Note sui romanzi con le note
Nate come commenti a testi di diritto, nel Novecento le hanno usate un po' tutti, ora sono un segno della disgregazione del romanzo
di Giacomo Papi – @giacomopapi
La casa editrice Baldini&Castoldi ha da poco pubblicato Un’Odissea minuta di Daniel Di Schüler, un romanzo di 657 pagine composto quasi interamente di note. Sono note brevi, medie, fluviali – 174 per la precisione – di un testo di appena 20 pagine in cui il protagonista – il ragionier Alberto Cappagalli – descrive il proprio risveglio in un giorno qualunque, il 16 giugno 2004, un secolo esatto dopo quello di Leopold Bloom raccontato da James Joyce nell’Ulysses: da cui il titolo Odissea minuta. Per fortuna del ragioniere, e anche del lettore, forse, la narrazione di Cappagalli si interrompe poco dopo il risveglio, nel momento in cui il protagonista, dopo avere aperto gli occhi, ripensato alla moglie, fatto il caffè ed essersi preso un pestone su un piede contro uno «spigolo atroce», sta per incominciare a farsi la barba. Il romanzo di Daniel Di Schüler – che esordisce a 52 anni dopo avere lavorato nell’edilizia e che oggi si occupa di tessuti – è stato finalista al Premio Calvino, ma non ha la forma di un romanzo, né tantomeno di una raccolta di racconti. È una lunga, sterminata chiosa che, di nota in nota, espande un momento banale per mostrare tutto quello che contiene e a cui è collegato. L’idea, non nuova, ma sviluppata con un’ossessività notevole, è che in un istante – a scavarci dentro e a dilatarlo per bene – ci sia tutta la vita di un uomo.

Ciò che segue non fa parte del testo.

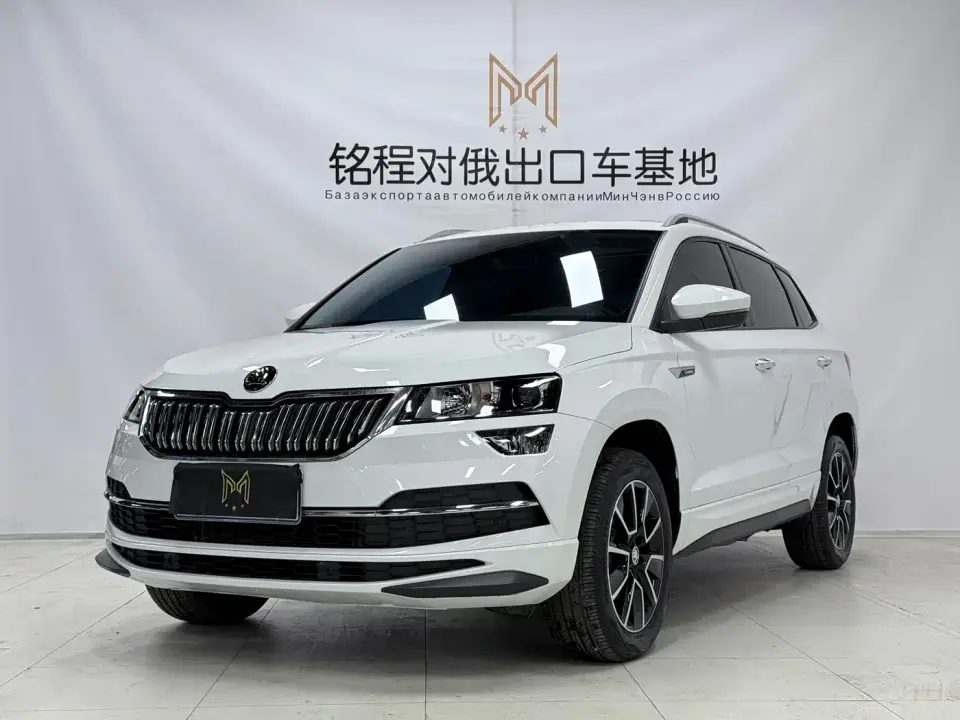 Skoda Karoq TSI280 Premium Edition 2024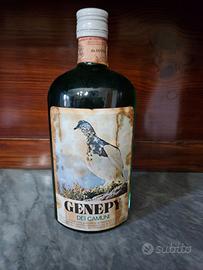 Genepy dei Camuni Morandini vintage 75cl 43%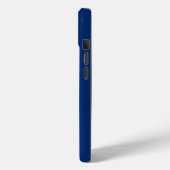 Apple iPhone 15 Case-Mate mit Colorado-Flagge Hülle (Rückseite / Links)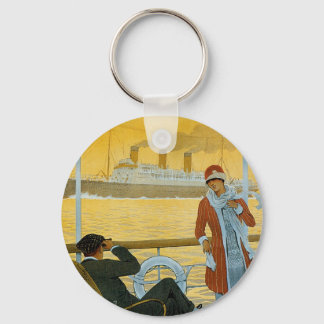 Bresil - Plata Key Ring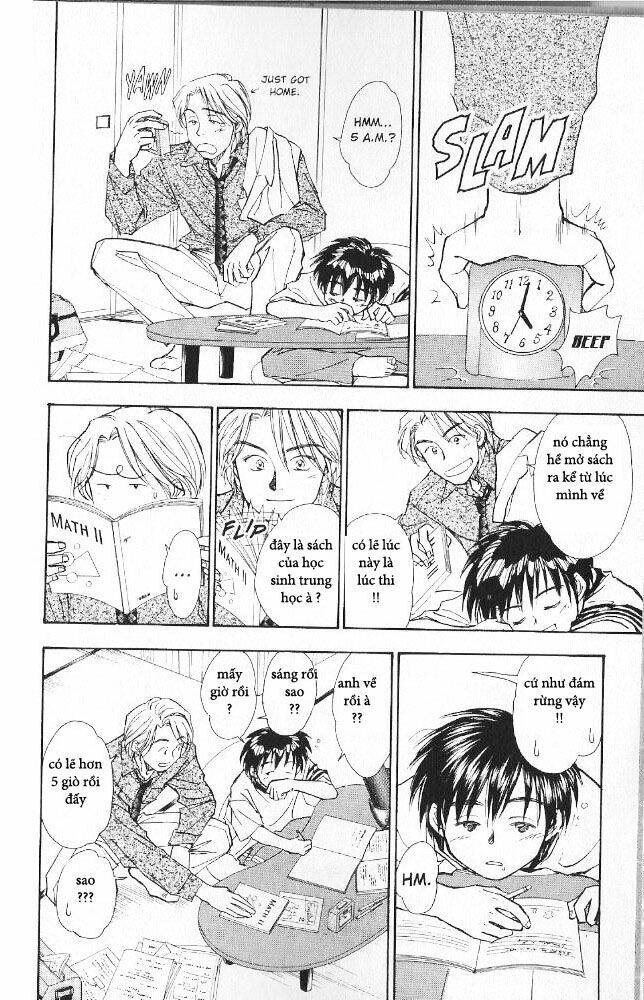 whistle - cơn lốc sân cỏ chapter 79 3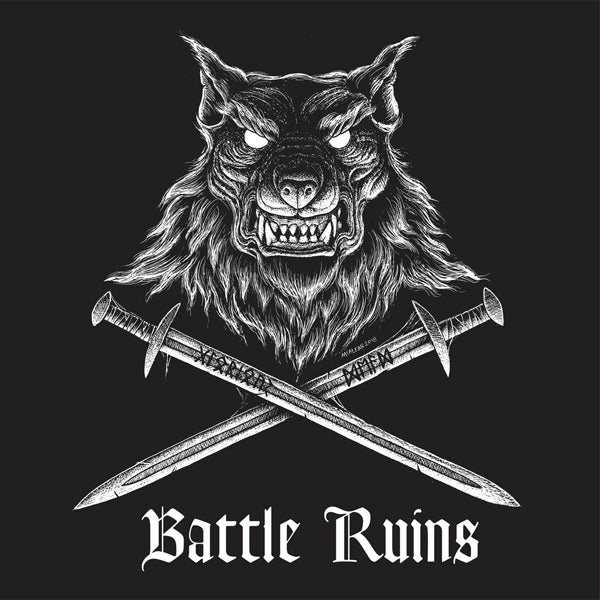 Battle Ruins - Glorious Dead - Punk - CD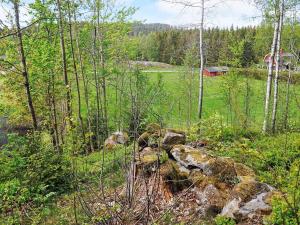 6 person holiday home in HENÅN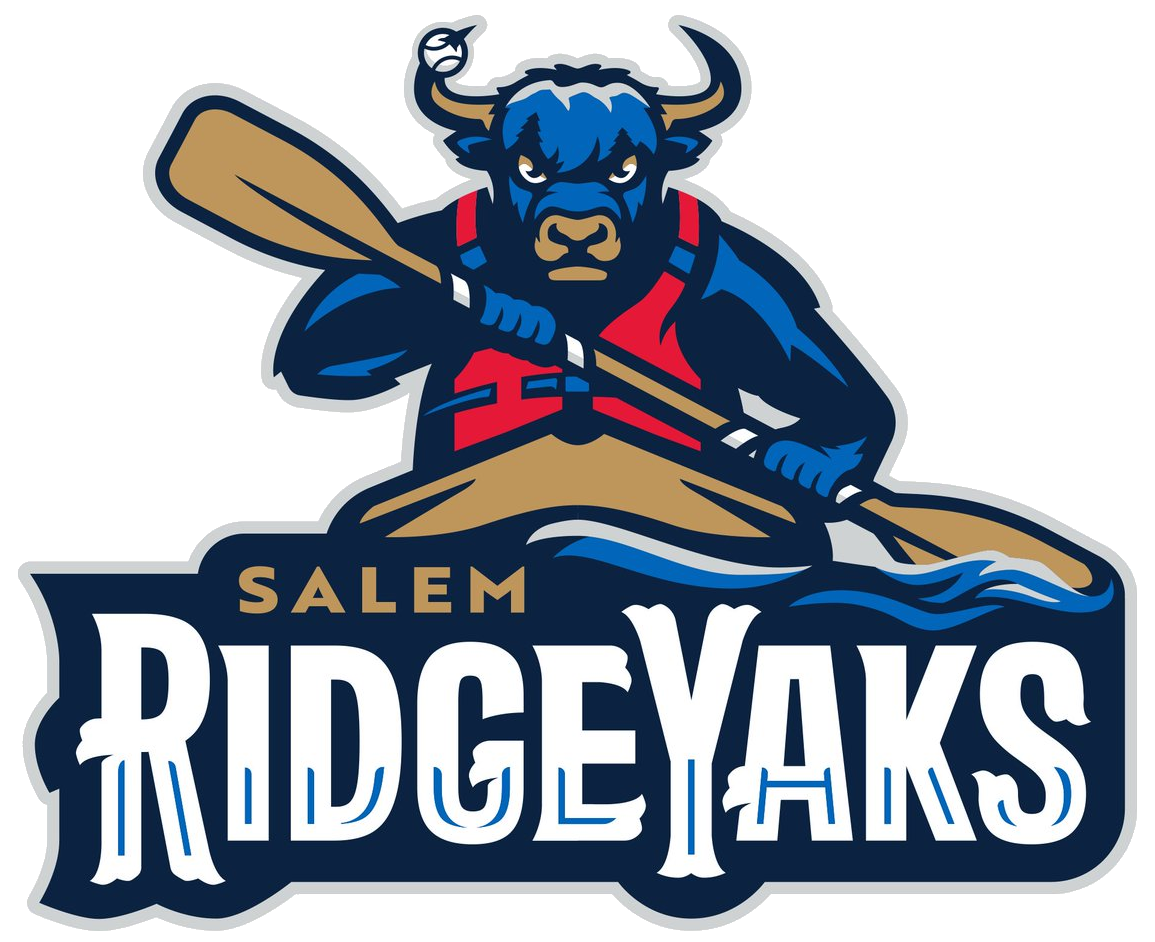 Salem RidgeYaks at Columbia Fireflies at Segra Park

La scelta di sviluppare il racconto attraverso le note ha numerosi precedenti in letteratura. Soprattutto nel corso del Novecento, ma anche prima, le note sono un ingrediente importante di decine di romanzi, alcuni dei quali molto famosi.
Un catalogo dei romanzi che contengono note non sarebbe possibile. Oltre a quelli elencati sopra, le note compaiono, per esempio, in La favola della botte di Jonathan Swift, La fiera delle vanità di Thackeray, Guerra e pace di Tolstoj ne ha almeno una e così Memorie dal sottosuolo di Dostoevskj, Le avventure di Tom Sawyer di Mark Twain, e poi ancora Vent’anni dopo di Dumas e Il signore degli anelli di Tolkien; ne hanno usate anche Updike e Auster, Pratchett (tantissime) e Asimov, S.S. Van Dine, Michael Crichton, Michael Chabon, Nicholson Baker, Junot Diaz, Mark Haddon, L. Frank Baum e Joyce Carol Oates, Villa Matas, Douglas Adams, Douglas Coupland, Julio Cortàzar e Umberto Eco, naturalmente.

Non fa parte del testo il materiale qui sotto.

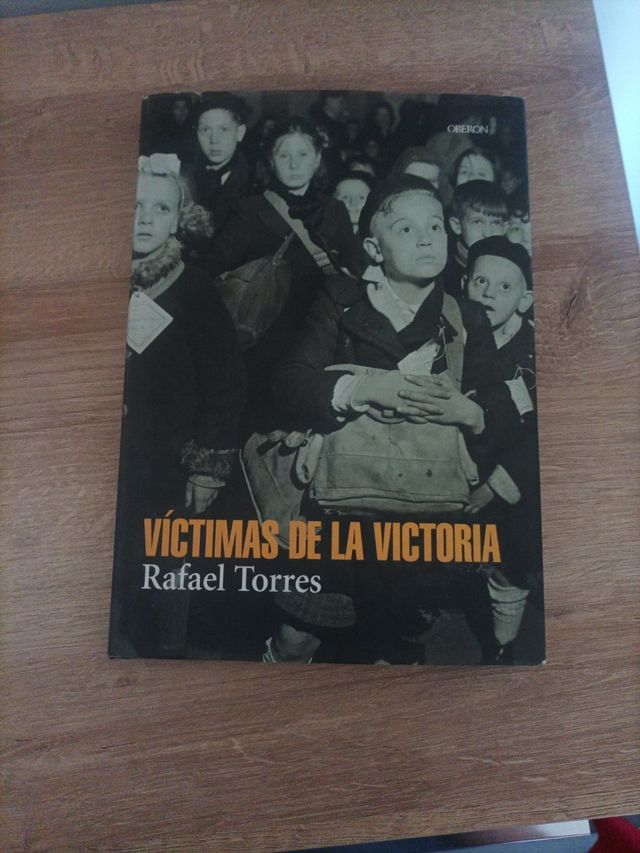 Víctimas de la victoria (Memoria) (Spanish Edit...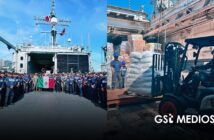 México supera las mil 100 toneladas de ayuda humanitaria enviadas a Venezuela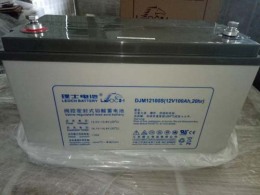 衢州通訊理士蓄電池DJM12100S參數(shù)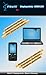 3x Vikuiti ARMR200 Displayschutzfolie Garmin Forerunner 405
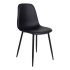 House Collection Eetkamerstoel Larsen Zwart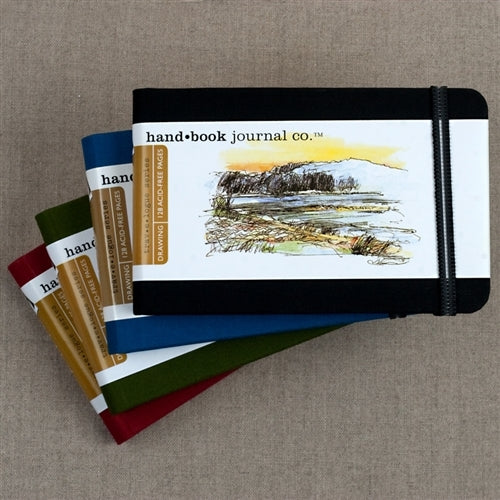 Sketchbook- Small Landscape (Horizontal Format)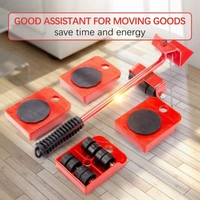 md enterprise FURNITURE SHIFTING TOOL  - red, ⭐⭐⭐⭐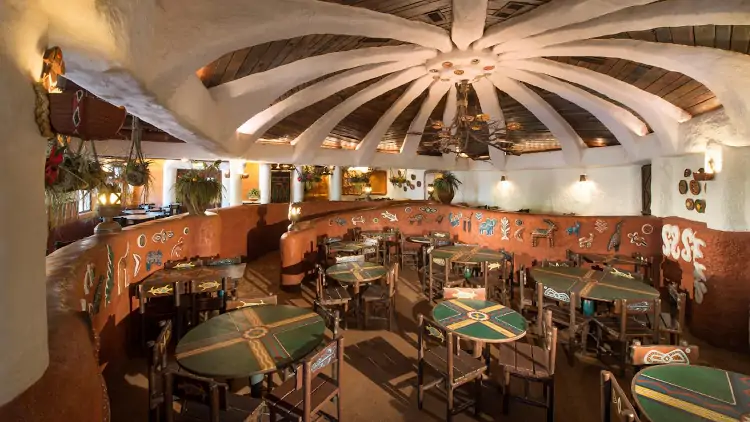 Restaurante Hakuna Matata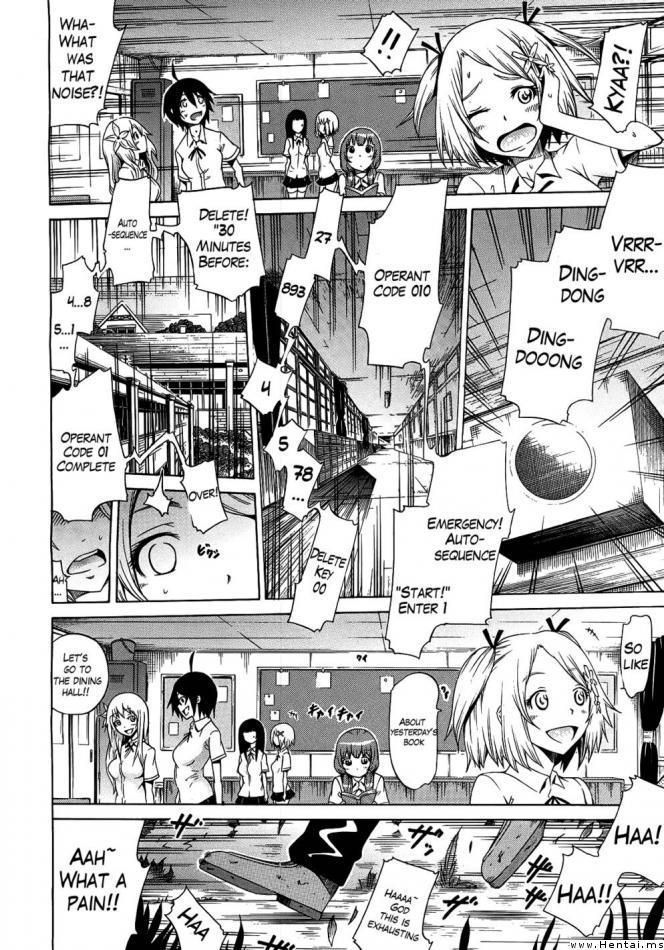 Beautiful Girls Club Chapters 1-10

L’origine delle note non sta nella letteratura, ma nel diritto, e si ricollega a una tradizione antica, che è interessante raccontare perché descrive le strategie, anche grafiche, con cui nei secoli si è cercato di contenere e assecondare la naturale tendenza di un testo ad andarsene per i fatti suoi, prendendo allegramente la tangente per sviluppare altre storie o necessitare chiarimenti e commenti, senza però interrompere il flusso del discorso. La nota è un’evoluzione tipografica delle glosse, con cui da quando esistono i libri si spiegava il significato di parole oscure o cadute in disuso. Il ricorso alle glosse si sviluppò e diventò un vero e proprio mestiere – il glossatore – a partire dal VI secolo dopo Cristo, quando l’imperatore Giustiniano vietò di elaborare commenti complessivi ai testi di legge, e in particolare al suo Codice, che è considerato la base dell’attuale diritto civile.

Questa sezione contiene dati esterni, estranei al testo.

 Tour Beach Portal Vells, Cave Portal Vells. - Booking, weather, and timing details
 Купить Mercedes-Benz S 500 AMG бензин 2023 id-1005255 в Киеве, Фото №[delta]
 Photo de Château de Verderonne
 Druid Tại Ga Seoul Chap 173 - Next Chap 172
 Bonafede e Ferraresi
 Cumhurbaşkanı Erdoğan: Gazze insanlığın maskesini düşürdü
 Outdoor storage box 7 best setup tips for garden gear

Il divieto di commentare ebbe il paradossale effetto di spezzare i commenti, facendoli inserire a margine dei testi, attività che si sviluppò a partire dal Mille, per esempio tra gli studiosi dell’Università di Bologna. I glossatori furono spazzati via dall’invenzione della stampa, ma il problema di chiarire informazioni o aggiungerne altre si riproponeva intatto, anzi accresciuto dal fatto che i libri incominciavano a non essere letti soltanto da studiosi ed eruditi. Con Internet il problema è cambiato e si è in qualche misura risolto: in fondo i link sono note che puntano all’esterno e l’idea stessa di ipertesto può essere vista come un’evoluzione digitale delle note. Il problema è che i link non sembrano essere una soluzione stabile: alcuni studi citati in un articolo recente di History Today, sostengono che dopo un po’ tendono a corrompersi e a non funzionare più.
Graficamente le note tipografiche possono essere indicate in molti modi, non solo dai numeri progressivi, come avviene in Un’Odissea minuta. A volte sono asterischi (*), altre obelischi o obeli (†), oppure paragrafi (§), piedi di mosca (¶), perfino manicole (☞) o ancora komejirushi (※), il «segno riso» utilizzato in Giappone. In origine probabilmente erano lettere. Secondo Anthony Grafton, autore del libro The Footnote: a curious history, è impossibile stabilire chi fu il primo a inventare le note a piè pagina, ma è abbastanza certo che la pratica si sviluppò in Francia durante il Seicento quando molti studiosi fecero a gara per confutare il Discorso sul metodo di Renée Descartes. Un candidato al titolo di «inventore della nota a piè di pagina» per la verità esiste. È Richard Jugge, tipografo e stampatore morto nel 1577 e attivo a Londra, con un negozio di Bibbie vicino a St. Paul Cathedral e residenza al Newgate Market, citato nel libro The Devil’s Details: A History of Footnotes di Chuck Zerby. Se fosse così, l’invenzione della nota a piè di pagina risalirebbe al 1568 quando, per commentare un passaggio del Libro di Giobbe, Jugge piazzò due note – la (f) e la (g) – a fondo pagina, invece che sui margini che erano occupati da illustrazioni.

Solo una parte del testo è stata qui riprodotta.